##### LISTED RECORDS #####
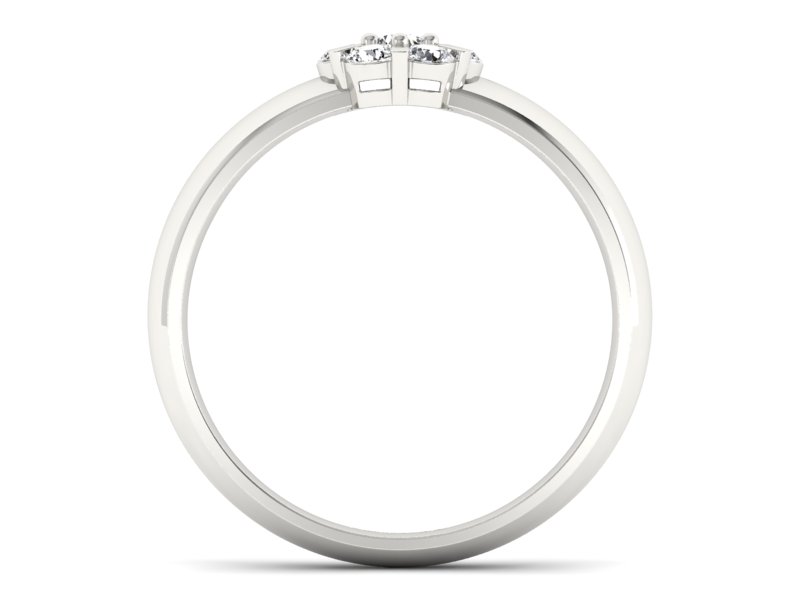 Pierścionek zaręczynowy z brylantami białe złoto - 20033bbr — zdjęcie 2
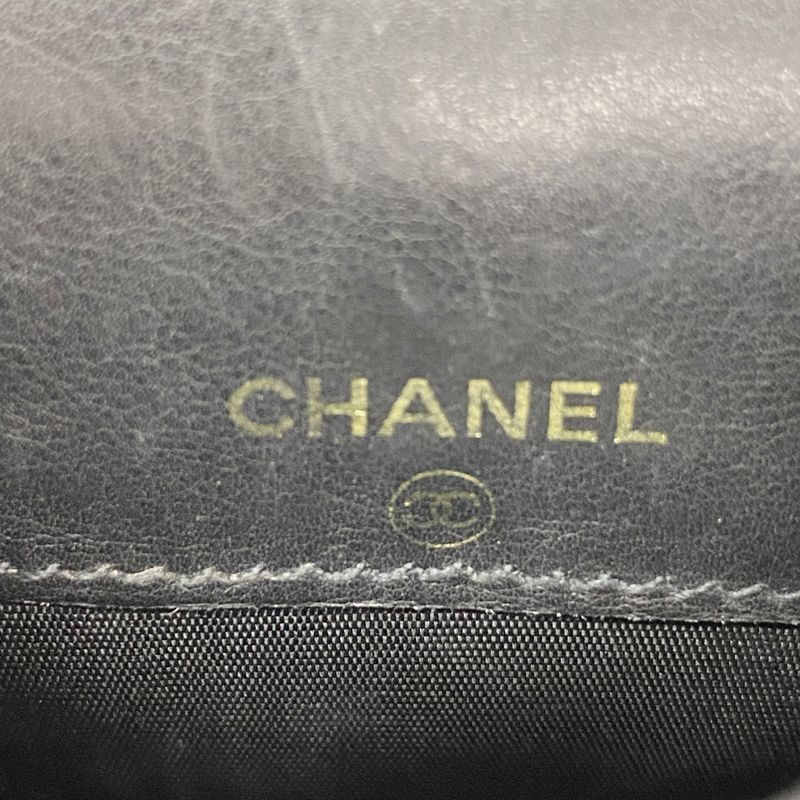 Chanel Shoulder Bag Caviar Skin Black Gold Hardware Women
#####
##### LISTED RECORDS #####
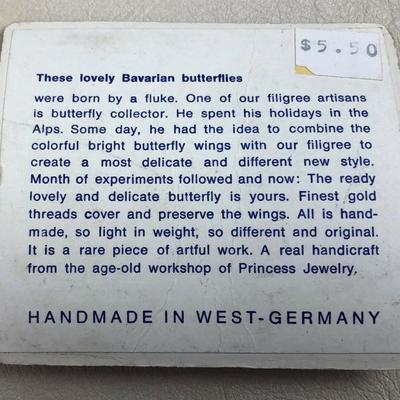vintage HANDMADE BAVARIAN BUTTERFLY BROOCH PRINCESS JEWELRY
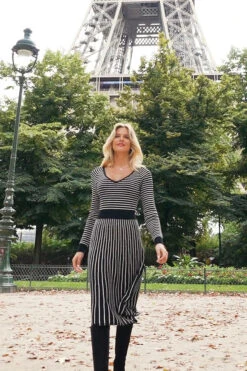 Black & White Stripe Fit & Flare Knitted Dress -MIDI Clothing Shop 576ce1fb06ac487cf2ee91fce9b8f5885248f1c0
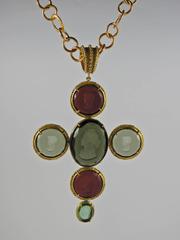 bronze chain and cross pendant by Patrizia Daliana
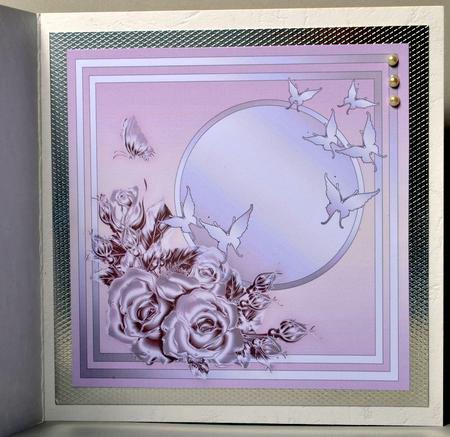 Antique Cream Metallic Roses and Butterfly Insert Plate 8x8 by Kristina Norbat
#####
→ **YOUR TASK**
Return only the stretch above from the line containing "vintage HANDMADE BAVARIAN" through the line containing "bronze chain and", word for word and without pictures.

→ **SOLUTION TO THE PROBLEM**
vintage HANDMADE BAVARIAN BUTTERFLY BROOCH PRINCESS JEWELRY
 Black & White Stripe Fit & Flare Knitted Dress -MIDI Clothing Shop 576ce1fb06ac487cf2ee91fce9b8f5885248f1c0
 bronze chain and cross pendant by Patrizia Daliana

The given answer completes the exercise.